Bug 69515

Summary: [Qt] Parallel imagedecoders
Product: WebKit Reporter: Zoltan Horvath <zoltan>
Component: ImagesAssignee: Nobody <webkit-unassigned>
Status: RESOLVED INVALID    
Severity: Normal CC: hausmann, kbalazs, kevin.simons, kling, loki, skyul
Priority: P2    
Version: 528+ (Nightly build)   
Hardware: All   
OS: Linux   
Bug Depends on: 71555    
Bug Blocks:    
Attachments:
Description Flags
approach #1 none

Description Zoltan Horvath 2011-10-06 04:09:18 PDT
Created attachment 109942 [details]
approach #1

Hey!

I made some investigations on how we can do imagedecoding on dedicated thread. I tried to use WebCore imagedecoders instead of current QImageDecoder implementation, because apparently it is the only way to a generic solution. 

I upload the patch for discussion and not for review, so please don't comment style issues and other violations. :)

About my current implementation:

* 1st I had to change to WebCore's imagedecoders, it was simple. QtWebKit is working well with WebCore's imagedecoders since both approach are using the same system libraries on my system.
* 2nd I had to change QPixmaps to QImages since unfortunately, QPixmap doesn't tolerate manipulating images from thread. (Unfortunately, this brings some performance loss, see below.)
* 3rd I added a dedicated worker thread with a queue for image decoding.
 * We're doing the imagedecoding in the mainthread until we have determined the size (w,h) of the image then we choose to work either in the mainthread or in the workerthread.
 * I tried to avoid copying the raw image data to the thread, but in this case I had to use locks (I didn't remove ReadWrite lock implementation from this patch, but it isn't used currently.) and it didn't show satisfying performance results. (e.g. mainthread had to wait for imgdecoding completion at a point)
 * In this patch I'm copying the raw data to the thread (memory consumption :( ), so I can avoid locks, which leads to performance gain in some cases.
 * We can render images (what has been decoded by worker thread) only when the whole image is decoded, so WK with this patch won't show the part of the image until decoding is fully finished. (This is a limitation of decoderlibs e.g. JPEG, we can't access decoded data during decoding.)

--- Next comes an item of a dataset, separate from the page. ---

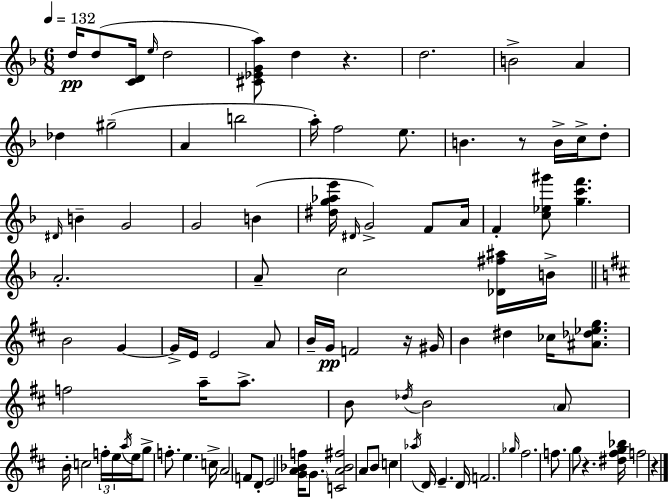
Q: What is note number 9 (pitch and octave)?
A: Db5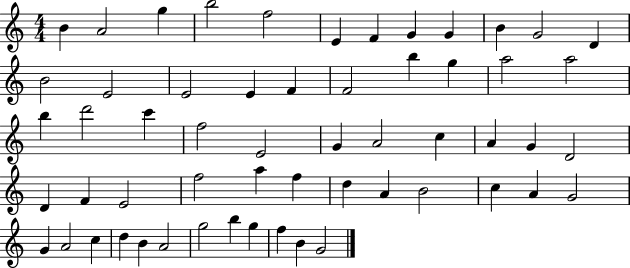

* Note: the patch doesn't work for cases that trigger decoding from main thread in case of big images (width||height > 2000px) e.g. drag and drop image with mouse
* Note: I chose 2000px for size limit, because I didn't measure performance gain for usual size (500px-100px) images.
* Note: I commented out GIF imagedecoding for the present.
* Note: WebCore.pri contains paths to my local png1.5.4 library because I had problems with png1.2 in threaded case.

Some numbers:

* Test case (goal to measure performance gain): 3 big (decoding on workerthread) and 3 small image (decoding on mainthread)
 * http://zoltan.sed.hu/WebKit/methanol_imgdecoder/sample/images.htm
 * Reference: avg 2770 ms +/-0.3% 
 * ThreadedImageDecoding: avg 1432 ms +/-4.4%
 * The results looks pretty cool!

* Test case (goal to measure overhead of the patch): simple Methanol run with 24 locally mirrored popular sites from Alexa top 100 (server: apache)
 * http://zoltan.sed.hu/WebKit/methanol_imgdecoder/fire.html?iter=1
 * Reference: avg 9180ms +/-3.3% 
 * Threaded: avg 12465ms +/-7.5%
 * In this case threaded version didn't run since Methanol doesn't contain big enough images.
 * The results looks woeful.
  * QPixmap -> QImage change
  * Conversions 
  * Data copying
  * Other?

I just want to talk about my approach... What could we do to decrease the overhead of the patch? Does it make sense to use QImage? etc...
Comment 1 Balazs Kelemen 2011-10-10 08:35:49 PDT
Some thoughts and questions after a brief overview:
  - It is a serious limitation that we can only paint the image when it has been fully downloaded. We should discuss whether it is acceptable in a user experience point of view.
  - This approach needs to be generalized across ports. I guess every port has a thread-safe image format so it should be possible.
  - Do you think Qt5 has a way to make using QImage not so slow?
  - Do you think it would be possible to still use QPixmap for smaller images that are decoded on the main thread and QImage for the big ones?
Comment 2 Zoltan Horvath 2011-10-11 01:03:57 PDT
I measured the overhead of the patch with starting the testbrowser with "-graphicssystem raster" parameter, in this way the overhead is decreased to a negligible level, so the considerable overhead is coming from the QPixmap -> QImage modification.
Comment 3 Zoltan Horvath 2011-10-11 01:09:37 PDT
(In reply to comment #1)
>   - Do you think it would be possible to still use QPixmap for smaller images that are decoded on the main thread and QImage for the big ones?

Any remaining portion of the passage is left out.